What needs to be done:
Each entry in the material below should be copied without any alteration.

============================================================

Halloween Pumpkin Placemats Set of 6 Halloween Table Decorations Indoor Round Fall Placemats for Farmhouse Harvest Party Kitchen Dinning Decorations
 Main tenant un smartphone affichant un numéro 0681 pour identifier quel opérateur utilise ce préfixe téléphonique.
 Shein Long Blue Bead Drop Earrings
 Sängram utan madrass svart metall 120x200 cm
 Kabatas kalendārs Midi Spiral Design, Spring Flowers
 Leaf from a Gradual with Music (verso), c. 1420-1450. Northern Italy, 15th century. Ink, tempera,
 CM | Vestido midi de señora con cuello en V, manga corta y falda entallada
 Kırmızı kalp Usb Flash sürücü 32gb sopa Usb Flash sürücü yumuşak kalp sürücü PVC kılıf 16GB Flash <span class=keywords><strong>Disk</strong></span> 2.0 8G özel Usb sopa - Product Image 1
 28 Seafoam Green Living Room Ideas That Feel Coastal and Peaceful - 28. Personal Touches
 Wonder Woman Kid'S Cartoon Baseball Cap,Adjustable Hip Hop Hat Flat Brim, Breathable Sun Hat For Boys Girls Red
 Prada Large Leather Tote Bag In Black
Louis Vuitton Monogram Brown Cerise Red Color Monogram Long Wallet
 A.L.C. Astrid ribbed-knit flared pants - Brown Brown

============================================================

The completed task:
Halloween Pumpkin Placemats Set of 6 Halloween Table Decorations Indoor Round Fall Placemats for Farmhouse Harvest Party Kitchen Dinning Decorations
 Main tenant un smartphone affichant un numéro 0681 pour identifier quel opérateur utilise ce préfixe téléphonique.
 Shein Long Blue Bead Drop Earrings
 Sängram utan madrass svart metall 120x200 cm
 Kabatas kalendārs Midi Spiral Design, Spring Flowers
 Leaf from a Gradual with Music (verso), c. 1420-1450. Northern Italy, 15th century. Ink, tempera,
 CM | Vestido midi de señora con cuello en V, manga corta y falda entallada
 Kırmızı kalp Usb Flash sürücü 32gb sopa Usb Flash sürücü yumuşak kalp sürücü PVC kılıf 16GB Flash <span class=keywords><strong>Disk</strong></span> 2.0 8G özel Usb sopa - Product Image 1
 28 Seafoam Green Living Room Ideas That Feel Coastal and Peaceful - 28. Personal Touches
 Wonder Woman Kid'S Cartoon Baseball Cap,Adjustable Hip Hop Hat Flat Brim, Breathable Sun Hat For Boys Girls Red
 Prada Large Leather Tote Bag In Black
Louis Vuitton Monogram Brown Cerise Red Color Monogram Long Wallet
 A.L.C. Astrid ribbed-knit flared pants - Brown Brown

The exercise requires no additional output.